Records drawn from a dataset:
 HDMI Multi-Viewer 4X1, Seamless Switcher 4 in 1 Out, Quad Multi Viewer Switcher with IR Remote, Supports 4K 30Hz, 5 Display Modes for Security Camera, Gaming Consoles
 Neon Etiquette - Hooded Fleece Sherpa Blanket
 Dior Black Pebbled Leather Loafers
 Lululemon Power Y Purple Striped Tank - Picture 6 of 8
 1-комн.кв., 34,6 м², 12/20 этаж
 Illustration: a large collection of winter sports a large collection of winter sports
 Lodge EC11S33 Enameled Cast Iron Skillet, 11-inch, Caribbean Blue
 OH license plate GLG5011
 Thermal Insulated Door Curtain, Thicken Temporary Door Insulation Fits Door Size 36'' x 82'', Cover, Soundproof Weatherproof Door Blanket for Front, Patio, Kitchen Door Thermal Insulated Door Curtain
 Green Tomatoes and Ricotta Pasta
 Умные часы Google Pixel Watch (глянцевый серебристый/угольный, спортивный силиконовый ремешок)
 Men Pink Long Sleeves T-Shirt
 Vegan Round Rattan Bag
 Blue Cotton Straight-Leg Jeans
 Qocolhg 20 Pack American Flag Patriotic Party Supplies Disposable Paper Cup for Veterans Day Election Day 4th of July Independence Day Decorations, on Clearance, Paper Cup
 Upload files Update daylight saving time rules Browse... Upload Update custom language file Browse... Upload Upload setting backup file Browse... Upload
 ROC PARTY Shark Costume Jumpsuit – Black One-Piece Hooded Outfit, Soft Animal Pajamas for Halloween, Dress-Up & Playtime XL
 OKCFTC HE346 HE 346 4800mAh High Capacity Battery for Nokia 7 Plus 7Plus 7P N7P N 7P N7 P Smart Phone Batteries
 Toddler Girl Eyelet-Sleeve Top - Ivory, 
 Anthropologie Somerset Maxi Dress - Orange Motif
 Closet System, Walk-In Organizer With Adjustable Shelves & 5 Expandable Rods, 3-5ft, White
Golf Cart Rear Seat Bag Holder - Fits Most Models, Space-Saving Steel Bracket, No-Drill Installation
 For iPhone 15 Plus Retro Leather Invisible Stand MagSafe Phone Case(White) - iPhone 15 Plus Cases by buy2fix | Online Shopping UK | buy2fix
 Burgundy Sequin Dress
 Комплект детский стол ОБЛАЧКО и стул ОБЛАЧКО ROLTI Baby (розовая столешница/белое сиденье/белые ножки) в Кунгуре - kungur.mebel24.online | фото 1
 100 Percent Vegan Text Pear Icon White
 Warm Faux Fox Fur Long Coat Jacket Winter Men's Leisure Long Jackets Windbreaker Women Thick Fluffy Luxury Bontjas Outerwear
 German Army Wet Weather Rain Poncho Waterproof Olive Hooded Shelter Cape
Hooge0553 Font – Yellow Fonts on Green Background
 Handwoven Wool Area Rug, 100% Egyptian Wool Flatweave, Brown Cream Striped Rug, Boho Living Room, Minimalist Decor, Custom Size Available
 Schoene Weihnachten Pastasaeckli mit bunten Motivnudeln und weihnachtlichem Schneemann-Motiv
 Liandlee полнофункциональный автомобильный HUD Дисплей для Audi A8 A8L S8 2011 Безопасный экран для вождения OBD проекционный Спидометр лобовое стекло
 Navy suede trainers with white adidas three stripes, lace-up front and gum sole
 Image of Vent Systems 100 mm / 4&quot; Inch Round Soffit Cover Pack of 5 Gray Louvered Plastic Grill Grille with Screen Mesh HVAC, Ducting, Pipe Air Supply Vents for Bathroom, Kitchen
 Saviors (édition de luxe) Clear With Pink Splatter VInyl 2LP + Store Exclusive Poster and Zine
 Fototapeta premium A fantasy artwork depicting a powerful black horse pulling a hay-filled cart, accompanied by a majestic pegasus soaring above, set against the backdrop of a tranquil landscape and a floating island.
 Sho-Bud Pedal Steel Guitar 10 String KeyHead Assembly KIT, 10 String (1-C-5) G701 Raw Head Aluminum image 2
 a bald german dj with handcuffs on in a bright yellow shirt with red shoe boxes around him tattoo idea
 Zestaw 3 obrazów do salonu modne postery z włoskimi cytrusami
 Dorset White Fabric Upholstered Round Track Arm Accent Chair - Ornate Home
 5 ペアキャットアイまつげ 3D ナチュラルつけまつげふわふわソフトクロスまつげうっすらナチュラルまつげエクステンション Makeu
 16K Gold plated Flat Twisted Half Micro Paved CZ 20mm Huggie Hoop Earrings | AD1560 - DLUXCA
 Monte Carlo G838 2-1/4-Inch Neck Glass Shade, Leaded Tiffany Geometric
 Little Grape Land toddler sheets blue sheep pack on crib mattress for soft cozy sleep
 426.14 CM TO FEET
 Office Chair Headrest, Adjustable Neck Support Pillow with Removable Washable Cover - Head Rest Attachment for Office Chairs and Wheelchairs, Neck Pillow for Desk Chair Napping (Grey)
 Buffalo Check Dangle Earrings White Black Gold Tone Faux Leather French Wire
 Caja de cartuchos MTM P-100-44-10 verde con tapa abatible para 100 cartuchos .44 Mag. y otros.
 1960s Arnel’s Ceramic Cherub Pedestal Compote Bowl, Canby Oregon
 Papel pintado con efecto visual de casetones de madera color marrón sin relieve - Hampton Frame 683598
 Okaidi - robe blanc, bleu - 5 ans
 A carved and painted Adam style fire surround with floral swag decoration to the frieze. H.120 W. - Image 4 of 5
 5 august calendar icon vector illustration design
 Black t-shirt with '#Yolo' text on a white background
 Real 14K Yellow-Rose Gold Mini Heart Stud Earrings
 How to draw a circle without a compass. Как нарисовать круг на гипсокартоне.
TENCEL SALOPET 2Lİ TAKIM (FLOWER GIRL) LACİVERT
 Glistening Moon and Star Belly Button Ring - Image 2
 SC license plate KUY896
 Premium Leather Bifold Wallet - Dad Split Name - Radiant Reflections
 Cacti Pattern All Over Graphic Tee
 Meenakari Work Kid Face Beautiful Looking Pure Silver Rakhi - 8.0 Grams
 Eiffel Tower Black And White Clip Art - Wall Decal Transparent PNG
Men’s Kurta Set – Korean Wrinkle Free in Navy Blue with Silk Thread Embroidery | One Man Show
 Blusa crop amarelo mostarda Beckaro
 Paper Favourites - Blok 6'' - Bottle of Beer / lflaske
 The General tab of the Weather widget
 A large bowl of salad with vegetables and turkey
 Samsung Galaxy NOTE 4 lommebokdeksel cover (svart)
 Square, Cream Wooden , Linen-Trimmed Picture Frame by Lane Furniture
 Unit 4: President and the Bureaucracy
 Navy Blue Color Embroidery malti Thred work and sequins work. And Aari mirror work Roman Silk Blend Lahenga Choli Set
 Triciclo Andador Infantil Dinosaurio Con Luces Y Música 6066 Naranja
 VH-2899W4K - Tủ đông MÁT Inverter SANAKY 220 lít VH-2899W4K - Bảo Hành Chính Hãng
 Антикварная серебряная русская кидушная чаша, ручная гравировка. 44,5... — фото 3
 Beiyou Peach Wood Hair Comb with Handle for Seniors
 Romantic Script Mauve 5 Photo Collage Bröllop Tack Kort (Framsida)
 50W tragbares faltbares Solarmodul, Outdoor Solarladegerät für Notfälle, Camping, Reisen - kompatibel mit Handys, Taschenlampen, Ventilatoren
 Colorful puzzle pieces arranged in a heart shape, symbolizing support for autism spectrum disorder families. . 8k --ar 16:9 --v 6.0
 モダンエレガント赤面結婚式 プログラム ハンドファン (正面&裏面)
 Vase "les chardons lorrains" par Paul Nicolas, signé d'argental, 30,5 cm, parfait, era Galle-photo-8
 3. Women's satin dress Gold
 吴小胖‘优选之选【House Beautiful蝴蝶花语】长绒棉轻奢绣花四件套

Task to carry out:
All that is wanted is a faithful reproduction of the line above with "Zestaw 3 obrazów", the line with "TENCEL SALOPET 2Lİ", and every line in between.

Your response:
 Zestaw 3 obrazów do salonu modne postery z włoskimi cytrusami
 Dorset White Fabric Upholstered Round Track Arm Accent Chair - Ornate Home
 5 ペアキャットアイまつげ 3D ナチュラルつけまつげふわふわソフトクロスまつげうっすらナチュラルまつげエクステンション Makeu
 16K Gold plated Flat Twisted Half Micro Paved CZ 20mm Huggie Hoop Earrings | AD1560 - DLUXCA
 Monte Carlo G838 2-1/4-Inch Neck Glass Shade, Leaded Tiffany Geometric
 Little Grape Land toddler sheets blue sheep pack on crib mattress for soft cozy sleep
 426.14 CM TO FEET
 Office Chair Headrest, Adjustable Neck Support Pillow with Removable Washable Cover - Head Rest Attachment for Office Chairs and Wheelchairs, Neck Pillow for Desk Chair Napping (Grey)
 Buffalo Check Dangle Earrings White Black Gold Tone Faux Leather French Wire
 Caja de cartuchos MTM P-100-44-10 verde con tapa abatible para 100 cartuchos .44 Mag. y otros.
 1960s Arnel’s Ceramic Cherub Pedestal Compote Bowl, Canby Oregon
 Papel pintado con efecto visual de casetones de madera color marrón sin relieve - Hampton Frame 683598
 Okaidi - robe blanc, bleu - 5 ans
 A carved and painted Adam style fire surround with floral swag decoration to the frieze. H.120 W. - Image 4 of 5
 5 august calendar icon vector illustration design
 Black t-shirt with '#Yolo' text on a white background
 Real 14K Yellow-Rose Gold Mini Heart Stud Earrings
 How to draw a circle without a compass. Как нарисовать круг на гипсокартоне.
TENCEL SALOPET 2Lİ TAKIM (FLOWER GIRL) LACİVERT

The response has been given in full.